In my academy days many of the kids referred to "the prison" I never thought of it that way, because my home was far more strict than the academy. That is why the pen of inspiration warns parents to be careful who their children play with, and to make sure that the standards of parenting are the same. It disturbs me that the discussion even came up about video games. My stand is, and has been, if it has nothing to do with enhancing academics, then it doesn't belong on campus. Computers are to assist young people in research, and to help them understand the high tech world they are going to be entering. The games themselves, many of them innocuous are for the most part a colossal waste of time. I have observed my daughter spend hours in front of a game boy brought into the home by my son-in-law. I mean hours and hours. Granted she gets good grades, and she does a great deal of reading. But, she is like myself, sedentary in her habits which contributes to an unhealthy outcome.
I was, and remain antagonistic to competitive sports in our schools. I have heard all the arguments about learning sportsmanship, and learning to be gracious in loss and victory, sorry, it's so much trash as far as I am concerned. Competitive sports by their very nature are a part of Satan's kingdom. Now don't rise up and say I said they were Satanic. I DID NOT SAY THAT! However, in Satan's system there is always a loser. For you to win in Satan's system someone else has to lose. Well you say, that's life, and so it is, but to nurture and encourage the competitive spirit is antagonistic to God's system in which you compete with yourself. You strive continually to be better than you were before, not to best someone else, or to defeat another individual, but to constantly be doing whatever it is you do better than you did it before. music, physical exercise, work. Whatever it is. That is God's system. Which system are we stressing at our academies, which we have declared are dedicated to the training of young people of service to God? "Training The Youth of Today To Be The Leaders of Tomorrow!"

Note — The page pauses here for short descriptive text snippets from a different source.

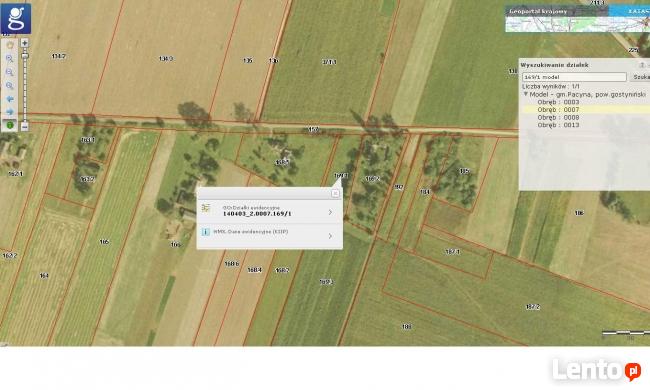 Działka rolno - budowlana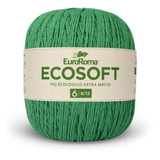 Fio Barbante Ecosoft 8/12 Verde Bandeira 803 Euroroma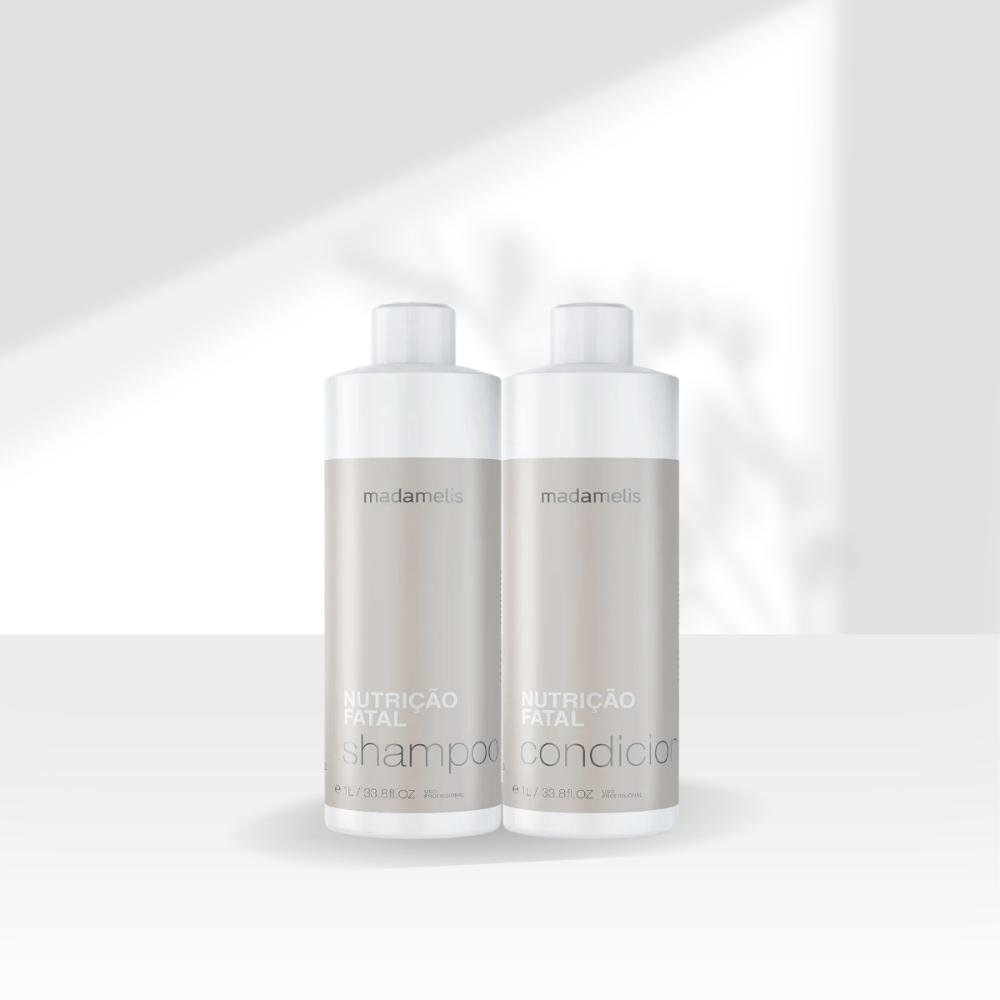 Madamelis Nutrição Fatal Shampoo e Condicionador 1000ml ÚNICO 4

I recognize that the unregenerate, unconverted heart is selfish, and is always striving for supremacy. That is the natural course of our sinful condition. Competition will be present whether we want it or not. It will take the form of: our band is better than their band, or our choir is better than their choir, and the story will go on and on. However, the thrust of academic activities should still be to be the best you can be despite a grade curve, or what someone else is doing, and the question is which system are we emphasizing in our schools. How in the world of competitive sports ever made into our schools with the plethora of statements from the pen of inspiration that is totally and completely and without equivocation antagonistic to it, is beyond me. There has been some artful twisting of the Spirit of Prophecy to get that one accomplished.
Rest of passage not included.